Queue | Max Runtime | Max RAM (GB) | Usage |
veryshort.q | 30 mins | 16 | Very quick tasks. Largest number of slots. Use these as much as possible to get your jobs off the shared login servers |
short.q | 4h | 16 | Brief tasks. The short/veryshort queues take precedence over all other queues so if your task fits on this queue it would be in your best interests to run it here |
long.q | 48h | 16 | The default queue. Tasks can run for a maximum of 48 hours CPU time. Most of the FSL software runs in this sort of time frame with the possible exception of some large group FEAT tasks. |
verylong.q | infinite | 12 | Lowest priority and limited number of slots. Tasks which will take longer than 48 hours must be run here. These tasks get the lowest priority under the assumption that there will be plenty of spare CPU (esp. overnight) to ensure they run in a sensible time frame. |
bigmem.q | infinite | ~300 | The bigmem.q is for running large memory footprint tasks. There are very few of these slots, which may use any available RAM on a host. Avoid unless necessary, and please seek assistance before using. |
cuda.q | infinite | ~200 | Targets machines with NVIDIA GPU hardware. Use the --coprocessor options to configure this resource (see GPU tasks in the Advanced Usage section). This queue has no limits but please limit long running tasks as this is significantly more restricted resource. |
interactive.q | infinite | 16 | Where you just can't run a task without interaction, for example you have to press a start button in a window, then we offer an interactive queue. This cannot be used as a fsl_sub target. See interactive queue for further details. |
More advanced techniques for submitting jobs, e.g. GPU, array and MATLAB tasks and full fsl_sub usage information
If your task comprises a complicated pipeline of interconnected tasks there are several options for splitting into dependent tasks or parallelisation of independent portions across many cluster nodes. Information on these techniques and other advance options is in this section.
How to terminate jobs and solve submission/runtime problems
Occasionally tasks will fail. Grid Engine provides some tools and logging information for debugging such tasks.
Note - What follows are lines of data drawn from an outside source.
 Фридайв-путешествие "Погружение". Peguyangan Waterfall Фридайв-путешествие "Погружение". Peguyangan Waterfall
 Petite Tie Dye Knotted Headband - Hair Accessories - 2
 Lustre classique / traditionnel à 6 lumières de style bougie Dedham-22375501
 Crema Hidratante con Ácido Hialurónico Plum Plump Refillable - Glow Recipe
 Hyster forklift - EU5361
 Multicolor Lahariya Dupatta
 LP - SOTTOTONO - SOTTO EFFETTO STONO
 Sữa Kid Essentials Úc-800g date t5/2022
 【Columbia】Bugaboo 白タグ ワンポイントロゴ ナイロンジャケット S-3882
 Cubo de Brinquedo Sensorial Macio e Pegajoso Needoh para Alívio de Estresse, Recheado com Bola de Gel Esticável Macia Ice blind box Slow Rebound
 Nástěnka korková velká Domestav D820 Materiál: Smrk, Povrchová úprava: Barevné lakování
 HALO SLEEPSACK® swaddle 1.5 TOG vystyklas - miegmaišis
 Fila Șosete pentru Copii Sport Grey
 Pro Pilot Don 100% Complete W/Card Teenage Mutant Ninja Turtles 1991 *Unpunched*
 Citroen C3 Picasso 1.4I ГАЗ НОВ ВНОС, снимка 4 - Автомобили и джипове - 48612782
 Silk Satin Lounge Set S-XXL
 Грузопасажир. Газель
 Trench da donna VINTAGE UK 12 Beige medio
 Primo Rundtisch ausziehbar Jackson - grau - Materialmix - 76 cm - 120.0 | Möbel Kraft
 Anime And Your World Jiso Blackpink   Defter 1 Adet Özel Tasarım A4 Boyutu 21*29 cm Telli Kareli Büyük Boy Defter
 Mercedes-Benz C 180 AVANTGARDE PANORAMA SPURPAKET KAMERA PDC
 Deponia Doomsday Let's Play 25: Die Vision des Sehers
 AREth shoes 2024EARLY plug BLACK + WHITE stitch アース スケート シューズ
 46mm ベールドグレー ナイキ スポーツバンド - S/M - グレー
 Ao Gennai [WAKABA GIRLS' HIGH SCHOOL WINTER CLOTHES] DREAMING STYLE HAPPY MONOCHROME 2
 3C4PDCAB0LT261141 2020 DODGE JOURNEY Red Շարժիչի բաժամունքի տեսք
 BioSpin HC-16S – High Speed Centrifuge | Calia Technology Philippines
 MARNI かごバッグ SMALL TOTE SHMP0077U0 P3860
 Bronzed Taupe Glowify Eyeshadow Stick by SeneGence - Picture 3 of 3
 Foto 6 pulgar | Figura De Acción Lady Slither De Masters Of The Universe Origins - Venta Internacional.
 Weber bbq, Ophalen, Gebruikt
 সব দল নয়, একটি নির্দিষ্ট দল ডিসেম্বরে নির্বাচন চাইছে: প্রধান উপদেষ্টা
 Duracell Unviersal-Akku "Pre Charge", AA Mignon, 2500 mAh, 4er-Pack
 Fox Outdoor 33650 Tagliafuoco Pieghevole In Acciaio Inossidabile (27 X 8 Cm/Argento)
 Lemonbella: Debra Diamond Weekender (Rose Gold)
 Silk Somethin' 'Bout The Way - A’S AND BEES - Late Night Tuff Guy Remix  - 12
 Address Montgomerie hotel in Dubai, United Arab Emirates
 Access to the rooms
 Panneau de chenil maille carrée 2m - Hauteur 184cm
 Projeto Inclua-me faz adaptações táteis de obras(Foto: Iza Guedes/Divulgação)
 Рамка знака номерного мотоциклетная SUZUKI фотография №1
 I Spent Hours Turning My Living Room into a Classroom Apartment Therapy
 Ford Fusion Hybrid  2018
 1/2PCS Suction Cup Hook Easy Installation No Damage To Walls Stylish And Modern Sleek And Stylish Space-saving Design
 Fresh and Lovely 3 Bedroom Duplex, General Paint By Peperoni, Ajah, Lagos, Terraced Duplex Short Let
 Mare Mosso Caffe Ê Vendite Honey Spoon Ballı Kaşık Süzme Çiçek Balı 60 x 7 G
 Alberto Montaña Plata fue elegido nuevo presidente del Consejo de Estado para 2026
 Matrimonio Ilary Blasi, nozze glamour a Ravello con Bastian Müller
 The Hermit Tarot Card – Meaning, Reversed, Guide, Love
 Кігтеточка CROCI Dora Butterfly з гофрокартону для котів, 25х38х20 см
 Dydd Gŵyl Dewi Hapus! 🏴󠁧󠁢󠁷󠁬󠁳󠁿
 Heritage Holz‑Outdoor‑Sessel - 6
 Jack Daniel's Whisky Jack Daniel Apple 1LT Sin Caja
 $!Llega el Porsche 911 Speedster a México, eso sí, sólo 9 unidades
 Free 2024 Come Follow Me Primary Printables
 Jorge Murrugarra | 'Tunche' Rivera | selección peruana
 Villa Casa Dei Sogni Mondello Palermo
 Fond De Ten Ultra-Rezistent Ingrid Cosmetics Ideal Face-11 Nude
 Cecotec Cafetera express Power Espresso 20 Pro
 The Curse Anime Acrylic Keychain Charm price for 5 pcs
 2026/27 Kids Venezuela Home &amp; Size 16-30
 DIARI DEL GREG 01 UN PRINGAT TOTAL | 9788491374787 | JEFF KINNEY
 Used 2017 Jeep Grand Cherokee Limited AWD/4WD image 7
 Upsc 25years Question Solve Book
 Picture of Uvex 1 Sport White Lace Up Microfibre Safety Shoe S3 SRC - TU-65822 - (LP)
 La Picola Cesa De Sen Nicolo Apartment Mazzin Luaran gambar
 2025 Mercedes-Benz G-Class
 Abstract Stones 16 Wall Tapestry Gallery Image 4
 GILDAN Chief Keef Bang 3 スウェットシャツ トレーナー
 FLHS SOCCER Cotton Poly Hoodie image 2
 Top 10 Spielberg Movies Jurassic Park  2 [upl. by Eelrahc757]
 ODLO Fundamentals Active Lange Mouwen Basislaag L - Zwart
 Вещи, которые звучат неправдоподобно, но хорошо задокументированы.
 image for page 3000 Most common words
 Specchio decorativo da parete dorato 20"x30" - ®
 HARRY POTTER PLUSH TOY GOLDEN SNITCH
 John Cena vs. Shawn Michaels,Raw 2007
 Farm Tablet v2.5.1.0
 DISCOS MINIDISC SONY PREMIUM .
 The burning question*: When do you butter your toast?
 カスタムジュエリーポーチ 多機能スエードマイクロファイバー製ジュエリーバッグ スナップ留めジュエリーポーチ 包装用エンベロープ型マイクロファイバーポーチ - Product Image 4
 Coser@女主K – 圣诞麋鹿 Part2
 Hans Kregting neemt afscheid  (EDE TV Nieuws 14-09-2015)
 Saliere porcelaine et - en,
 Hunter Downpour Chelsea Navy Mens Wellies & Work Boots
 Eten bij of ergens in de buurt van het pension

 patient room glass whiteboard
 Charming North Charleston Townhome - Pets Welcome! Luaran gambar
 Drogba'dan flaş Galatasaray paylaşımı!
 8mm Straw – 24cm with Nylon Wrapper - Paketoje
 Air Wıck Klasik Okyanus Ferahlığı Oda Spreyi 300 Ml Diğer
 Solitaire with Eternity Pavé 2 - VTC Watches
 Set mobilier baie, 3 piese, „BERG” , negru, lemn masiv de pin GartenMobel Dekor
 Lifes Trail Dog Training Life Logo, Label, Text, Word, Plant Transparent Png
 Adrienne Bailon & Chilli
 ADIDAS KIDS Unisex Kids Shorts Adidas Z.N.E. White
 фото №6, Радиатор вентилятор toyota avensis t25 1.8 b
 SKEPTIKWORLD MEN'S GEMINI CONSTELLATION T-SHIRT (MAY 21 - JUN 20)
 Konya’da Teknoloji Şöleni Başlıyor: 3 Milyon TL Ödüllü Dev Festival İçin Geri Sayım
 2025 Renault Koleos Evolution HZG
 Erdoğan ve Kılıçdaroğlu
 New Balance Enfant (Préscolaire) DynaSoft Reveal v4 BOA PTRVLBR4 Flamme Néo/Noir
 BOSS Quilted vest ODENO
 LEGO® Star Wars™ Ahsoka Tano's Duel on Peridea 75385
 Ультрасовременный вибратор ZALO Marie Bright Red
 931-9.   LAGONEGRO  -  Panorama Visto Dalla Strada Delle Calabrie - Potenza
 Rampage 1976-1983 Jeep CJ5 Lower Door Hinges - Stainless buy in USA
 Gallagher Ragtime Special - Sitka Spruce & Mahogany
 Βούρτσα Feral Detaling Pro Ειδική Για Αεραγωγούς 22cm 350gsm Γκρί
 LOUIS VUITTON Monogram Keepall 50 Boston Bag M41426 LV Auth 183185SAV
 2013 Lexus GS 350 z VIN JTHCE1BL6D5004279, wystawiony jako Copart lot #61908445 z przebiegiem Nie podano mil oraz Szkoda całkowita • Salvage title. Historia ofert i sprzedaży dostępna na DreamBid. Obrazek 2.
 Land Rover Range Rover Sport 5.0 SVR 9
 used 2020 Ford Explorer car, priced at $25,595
When tasks begin running they generate two files, jobname.ojobid (e.g. feat.o12345) (referred to as the .o file) and jobname.ejobid (referred to as the .e file), which by default are created in the folder from which fsl_sub was run. The .o file contains any text that the program writes to the console whilst running, for example:
fsl_sub ls my_folder
outputs the job id ''12345''. The task would generate a file ls.o12345 containing the folder listing for my_folder. If your command produces a running commentary of its progress you could monitor this with the tail command:
tail -f command.o12345
This will continue displaying the contents of command.o12345, adding new content as it arrives until you exit (type CTRL-c). The .e file contains any error messages the command produced. If you still need help then please contact the IT Team.
KILLING JOBS
If, after submitting a job you realise that you have made a mistake or that the job can't complete (perhaps you have insufficient disk space), you can kill the job with the command:
qdel job_id
If the job is currently running there may be a short pause whilst the task is terminated.